FIELD OF THE INVENTION

The present invention relates to a method of analysing a sample of free cells, in particular blood cells.

BACKGROUND TO THE INVENTION

Automated blood analysers which count and size blood cells, represent a huge advance in the field of clinical medicine, but retain some drawbacks. They are inherently incapable of differentiating like sized particles. While the automated count may be correct in terms of the total number of particles, traditional methods do not count small red cells, parasites or bits of cells as platelets. Anyone in need of good quality platelet counts is well advised to travel to Africa or Asia which, having few automated blood analysers, provide better quality complete blood counts because manual methods of counting avoid several errors which are common concomitants of automated sizing and counting instruments. Errors in counting platelets have serious consequences for the patient as they may result in unnecessary tests, inappropriate treatment, or misdiagnosis. The known causes of spurious low platelet counts are EDTA dependent clumping, cold platelet agglutination, platelet satellitism and the presence of like sized particles which are not platelets.

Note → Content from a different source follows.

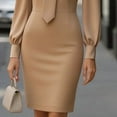 thumbnail image 4 of MORTTIC Women Elegant Solid Color Tie-Waist Long Sleeve Dress Formal Occasion Midi Dress For Spring Summer Khaki，S, 4 of 11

All haematology texts, laboratories and manufacturers have been aware of the inaccuracies of automated platelet counts for many years and advise a manual inspection of a blood film for every patient with an abnormal platelet count, which is the practice in most haematology laboratories. Currently manufacturers are attempting to reduce errors by detecting light refraction (since platelets are more refractile) or by detecting stains applied to platelets before they reach the sensor. The practice of manual verification whenever the platelet measurements all outside the normal range is comforting to the patient but expensive for the laboratories. However, hitherto, there was no method of alerting labs of the need for manual verification for patients with high platelet counts that erroneously fell inside the normal range. Thus automated platelet counts are of limited value when platelet counts are low, they are of uncertain value when the counts are normal, and are not entirely secure when the counts are elevated (thrombocytosis).

As will be discussed below, the applicants have discovered that there are other small particles, cell fragments, which are also not detected and properly distinguished by existing automated blood cell analyzers. The importance of cell friability or the generation of cell fragments has hitherto not been recognised.

SUMMARY OF THE INVENTION

According to one aspect of the present invention, there is provided a method of determining a measure of the number of platelets in a cell suspension containing platelets, the method comprising the steps of: counting the number of small particles in the suspension; agitating the suspension in the presence of a gas; counting the number of small particles in the suspension after agitation; and comparing the two counts to obtain a measure of the number of platelets.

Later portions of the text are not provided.